►

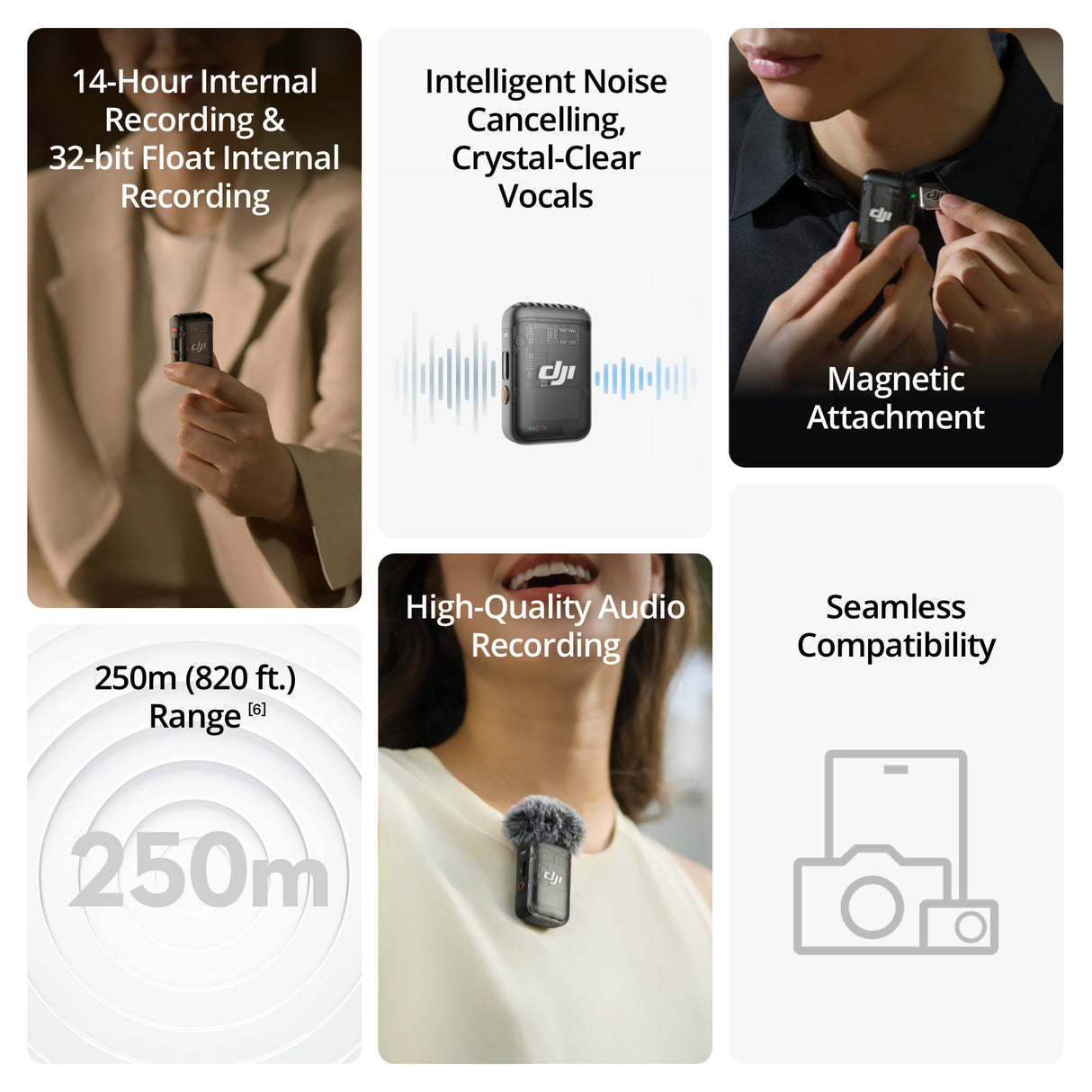 DJI Mic 2 DJI Mic 2 (1 TX + 1 RX)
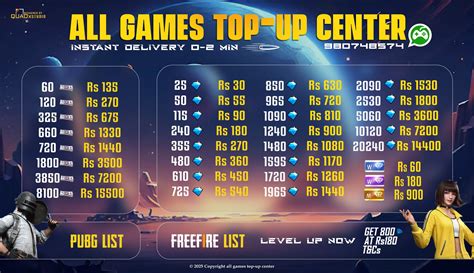 Galeri foto top up center: claim daily reward referensi top up untuk pencinta hero combo dengan limit cukup pemain hardcore FIFA di dashboard aktivitas terbaru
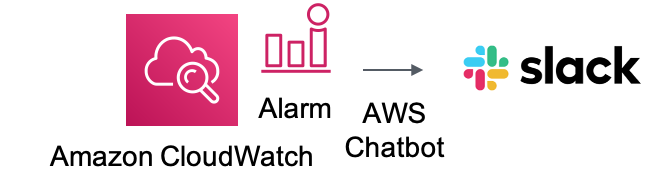 aws slack chatbot aws slack chatbot
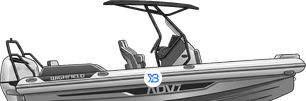 ADV 7 profile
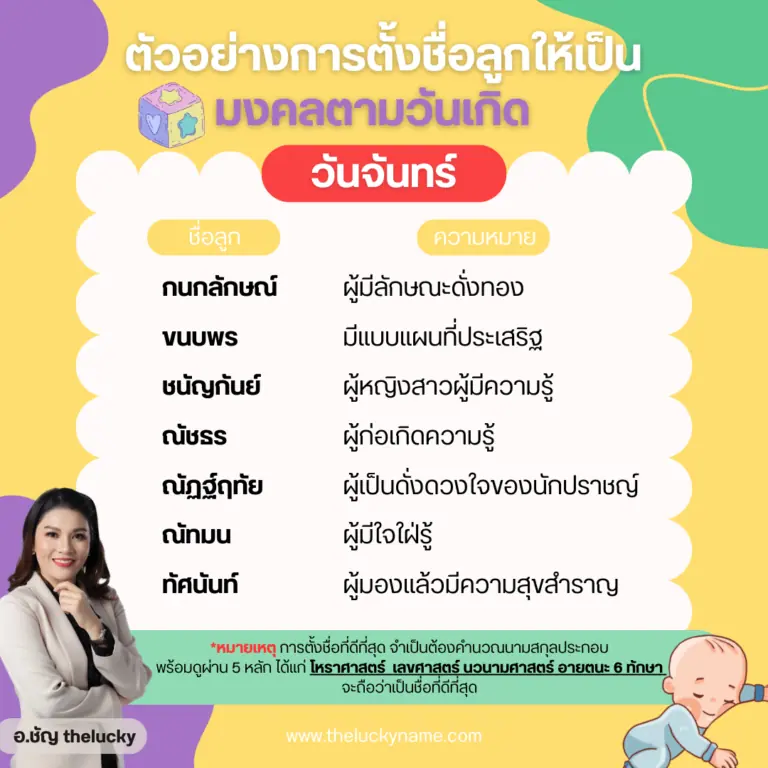 ตัวอย่างการตั้งชื่อลูกมงคลวันจันทร์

◄

With images omitted, output the data exactly as given.

* Expected output *
 DJI Mic 2 DJI Mic 2 (1 TX + 1 RX)
 Galeri foto top up center: claim daily reward referensi top up untuk pencinta hero combo dengan limit cukup pemain hardcore FIFA di dashboard aktivitas terbaru
 aws slack chatbot aws slack chatbot
 ADV 7 profile
 ตัวอย่างการตั้งชื่อลูกมงคลวันจันทร์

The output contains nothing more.